The daughter of a classically trained singing mother and a father with experience as a DJ for a college jazz radio program, the Cincinnati native was immersed in the arts from the get-go. “I have been performing all my life,” she said.
She studied at a performing arts high school in Cincinnati and was headed toward the stage — “I was trained as a triple threat: singing, dancing and acting” — until her father demanded something with more job security. “Dad wouldn’t let me be an actor,” she admitted.
She went to Northwestern University where she earned a B.S. degree in radio/TV/film, all the while using her arts training on the side. “Instead of work-study, I could make more money performing,” she said.
Lindsey next went to the West Coast where she trained to be a studio executive, working at NBC, then Creative Arts Agency.

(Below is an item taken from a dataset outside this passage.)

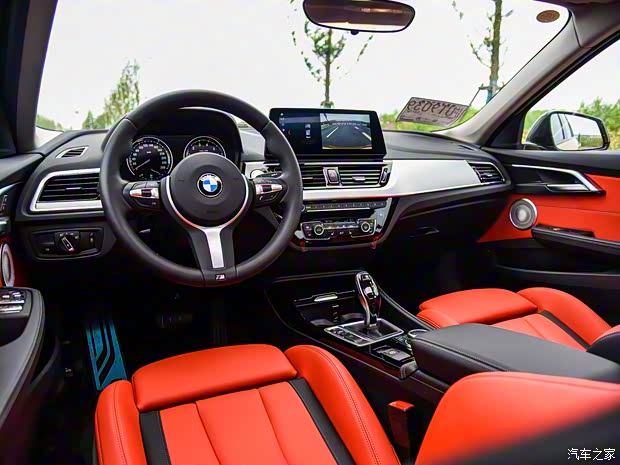 华晨宝马 宝马1系 2021款 改款 125i M运动曜夜版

All the while, she worked to build her own career as a jazz singer. She recorded her own album, “everlasting,” and sang with the group Emanon, which performed in Japan.
Eventually, doors proved harder to open for a career as a jazz performer. “Lots of people don’t want to take a chance in promoting a jazz vocalist,” she said. “A lot of time, you have to go international.”
She opted instead for academia, building on an MBA from Claremont Graduate University to finish a doctorate in business at Rutgers University. That path led her and husband Sidney Warren from New York to the position at Baylor University last fall — and that chance to sit in a downtown Waco gig.
For Saturday’s “Jazz Goes To The Movies,” the WJO’s third Hippodrome concert, she’ll sing a mix of Duke Ellington, George Gershwin and the like, with the 20-player Waco ensemble adding numbers from “Rocky,” “The Way We Were” and “All That Jazz.”
“It’s a mixture of old school and, well, medium school,” she said. “It should be a lot of fun. All these men and Tyrha, jammin’.”